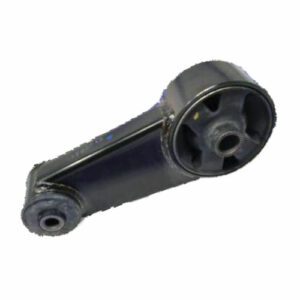 Technix Bracket Assy Mounting Torque Rod Rear suitable for Eon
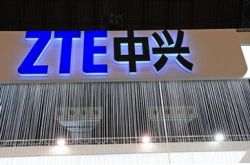 7分钟教程!儋州市热线电话_哔哩哔哩-2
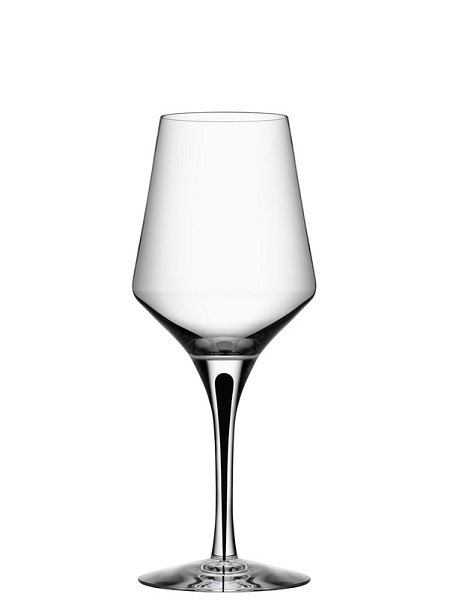 Metropol White Wine Glass - 2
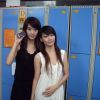 远房表妹生活自拍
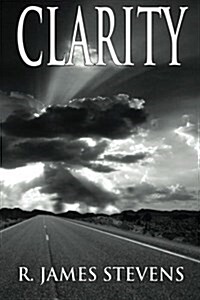Clarity (Epsilon Book 1) (Paperback)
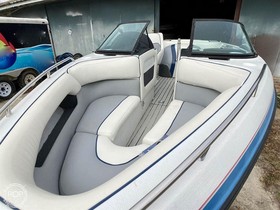 1999 Malibu Sunsetter 21 Lxi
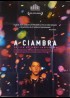 A CIAMBRA movie poster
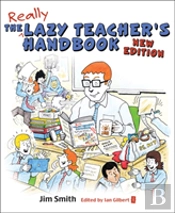 The Lazy Teacher'S Handbook
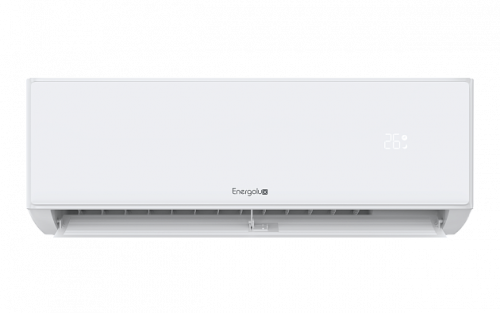 Кондиционер Energolux SAS24MR1-A/SAU24MR1-A Murren White в Харцызске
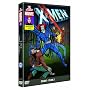 X-Men Staffel 2, Vol.2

* * * * * * * * *

## Task description
Every line above is to be given again exactly, apart from the pictures.

## Solved exercise
 Technix Bracket Assy Mounting Torque Rod Rear suitable for Eon
 7分钟教程!儋州市热线电话_哔哩哔哩-2
 Metropol White Wine Glass - 2
 远房表妹生活自拍
Clarity (Epsilon Book 1) (Paperback)
 1999 Malibu Sunsetter 21 Lxi
 A CIAMBRA movie poster
 The Lazy Teacher'S Handbook
 Кондиционер Energolux SAS24MR1-A/SAU24MR1-A Murren White в Харцызске
 X-Men Staffel 2, Vol.2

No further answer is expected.